I can't wait to start seeing swatches from the Violet Underground part of the collection. I'm interested in the palette and all the lip products. Even the eyeliner looks kind of intriguing, but I find it's difficult to get a really deep black line from a pen-type applicator.

  	I'm jealous it's available already in the US, but I suppose I won't have to wait that long to get it here...


----------



## singer82 (Jul 18, 2012)

Any word on the new gelee shadows?  I def wanna check out the palette n the purple ls and gloss next month! That liner looks interesting. Wonder how well it works. EL has really been stepping it up lately


----------



## Anneri (Jul 18, 2012)

Well look at that!

  	the nail polishes: http://beaut.ie/blog/2012/sneak-pee...al-mania-nail-collections-are-headed-our-way/


----------



## mac_aiken (Jul 19, 2012)

Saw the polishes yesterday. They are gorgeous and it would be hard for me to pick a single favorite.

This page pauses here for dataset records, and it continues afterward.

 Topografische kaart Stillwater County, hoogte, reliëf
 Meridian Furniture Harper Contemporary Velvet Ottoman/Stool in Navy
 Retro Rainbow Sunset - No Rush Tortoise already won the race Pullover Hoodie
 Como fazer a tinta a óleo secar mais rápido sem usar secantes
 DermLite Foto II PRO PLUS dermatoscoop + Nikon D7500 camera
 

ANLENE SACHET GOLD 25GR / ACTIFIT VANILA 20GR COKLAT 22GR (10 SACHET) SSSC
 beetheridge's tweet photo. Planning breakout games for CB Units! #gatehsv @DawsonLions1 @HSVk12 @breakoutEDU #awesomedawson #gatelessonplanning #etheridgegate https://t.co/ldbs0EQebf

  	Also finally saw the Violet Underground collection IRL yesterday. I bought the palette. It is so pretty and done in the same formula as Cyber Eyes shadows. The black seems to be matte and I can see this being used as a liner easily.

  	Very disappointed in the lipsticks thought. They don't look anything like the promo images. Cassis is not quite as dark (although I still loved it and may go back for it). The violet one is not violet at all. More like a purple tinged pink. It is pretty but not what I wanted/was expecting. I will get NARS Autumn Leaves l/s instead and look for a true violet l/s the next time I visit Inglot.

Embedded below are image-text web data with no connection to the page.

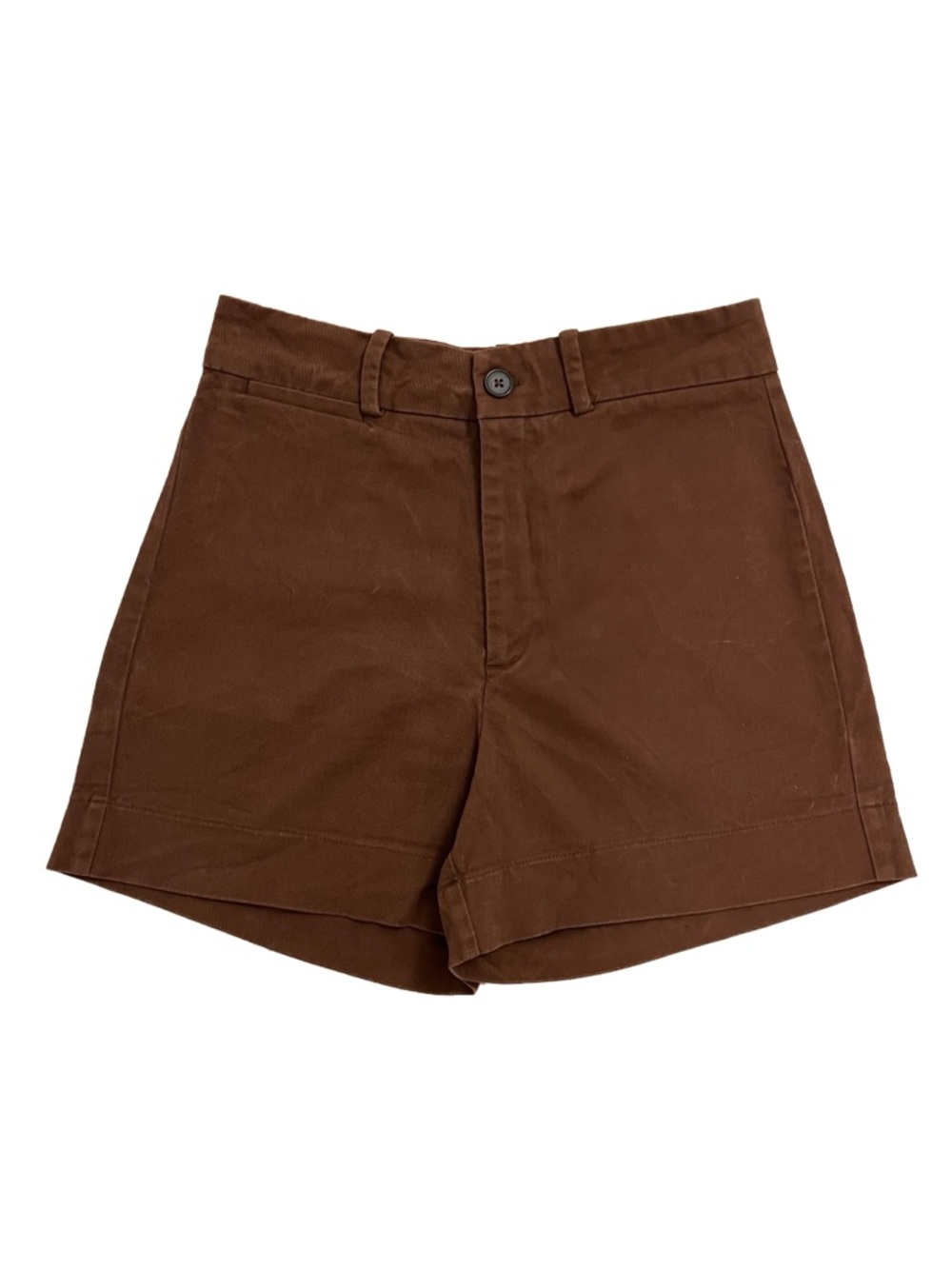 🤎 Frank & Oak Josephine High Waisted Shorts in Chocolate Brown 🤎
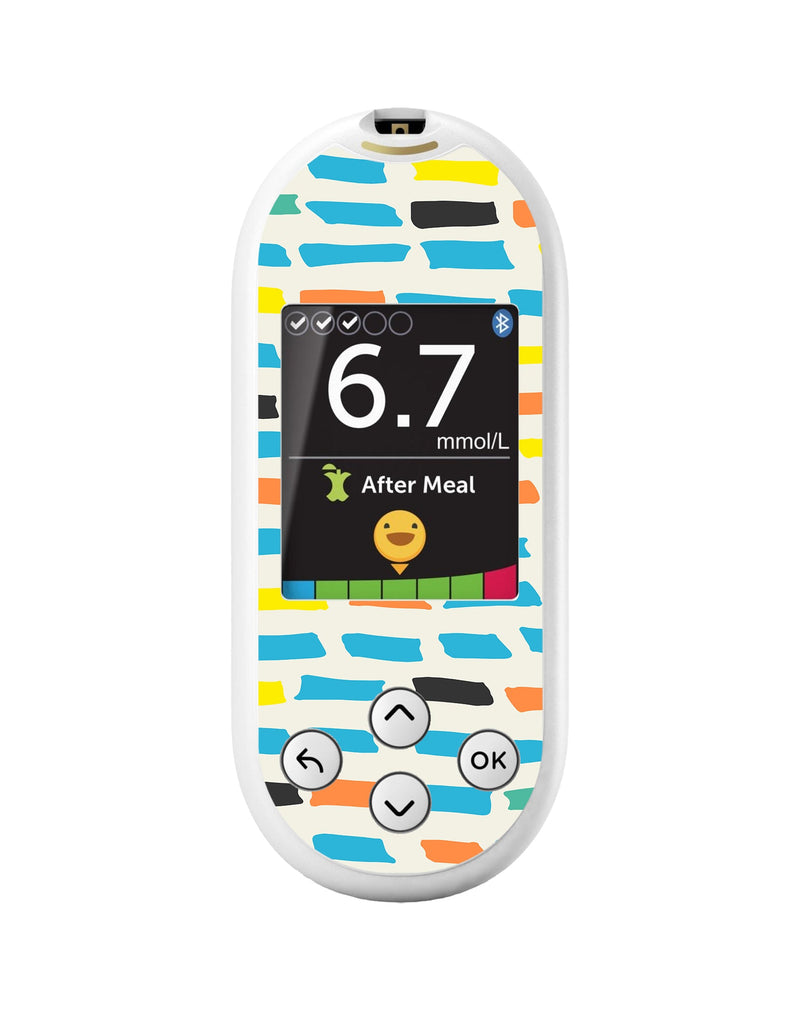 Colorful Sticks OneTouch Verio Reflect Glucometer - Pump Peelz Colorful Sticks OneTouch Verio Reflect Glucometer - Pump Peelz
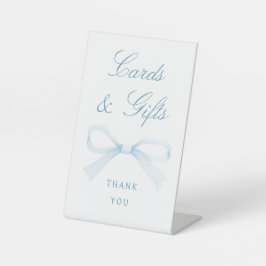 Aquarell Blau Schleife Karten & Geschenke Sockelschild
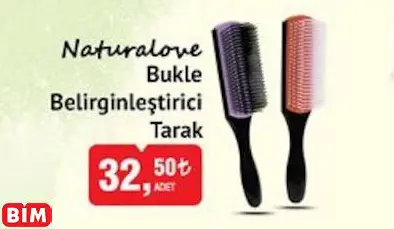 Naturalove  Bukle Belirginleştirici Tarak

  	The l/g are very pretty and look like MAC Dare to Wear glosses.


----------



## katred (Jul 19, 2012)

mac_aiken said:


> Saw the polishes yesterday. They are gorgeous and it would be hard for me to pick a single favorite.
> 
> Also finally saw the Violet Underground collection IRL yesterday. I bought the palette. It is so pretty and done in the same formula as Cyber Eyes shadows. The black seems to be matte and I can see this being used as a liner easily.
> 
> ...


  	Thanks MacAiken! I'm really disappointed to know that the lipsticks aren't as described. One of our members posted a picture of herself wearing the "violet" shade and it certainly didn't look violet in her picture. I can't imagine why they would approve artwork that was so misleading... Oh well, money saved...


----------



## mac_aiken (Jul 20, 2012)

katred said:


> Thanks MacAiken! I'm really disappointed to know that the lipsticks aren't as described. One of our members posted a picture of herself wearing the "violet" shade and it certainly didn't look violet in her picture. I can't imagine why they would approve artwork that was so misleading... Oh well, money saved...

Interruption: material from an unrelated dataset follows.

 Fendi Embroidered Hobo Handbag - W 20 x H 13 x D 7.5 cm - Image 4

  	Katred, I thought of you when I saw these. We have the same taste in alot of things and I knew you would be disappointed as well. Love the NARS fall lippies though. Check out Autumn leaves for sure.


----------



## Icecaramellatte (Jul 20, 2012)

I picked up Violet Underground today, Punker Black eyeliner, black iris nail color.. I would have bought the lighter gloss (the name escapes me right now)  but the SA said they were out of stock due to pre-sales. They also seemed to be out of the new nail colors. I fell in love with the metallic shades. I didn't believe it because they weren't exclusive items or anything. She offered to order for me and the computer said it was in stock in the store so she said she'd call when the regular SA came in.  She called me later and said she had the polishes. I forgot to ask about the lipgloss.   In her defense, they were doing major remodeling in the store for the cosmetic area and she said they had to move everything 3 days ago.  5 lines were sharing counter space.  Everything was smushed together.  Funny, now that I think of it Mac was the only cosmetic line with a counter all to themselves.  I still haven't made it home to play with my goodies. Can't wait!


----------



## katred (Jul 20, 2012)

Icecaramellatte said:


> I picked up Violet Underground today, Punker Black eyeliner, black iris nail color.. I would have bought the lighter gloss (the name escapes me right now) but the SA said they were out of stock due to pre-sales. They also seemed to be out of the new nail colors. I fell in love with the metallic shades. I didn't believe it because they weren't exclusive items or anything. She offered to order for me and the computer said it was in stock in the store so she said she'd call when the regular SA came in. She called me later and said she had the polishes. I forgot to ask about the lipgloss. In her defense, they were doing major remodeling in the store for the cosmetic area and she said they had to move everything 3 days ago. 5 lines were sharing counter space. Everything was smushed together. Funny, now that I think of it Mac was the only cosmetic line with a counter all to themselves. I still haven't made it home to play with my goodies. Can't wait!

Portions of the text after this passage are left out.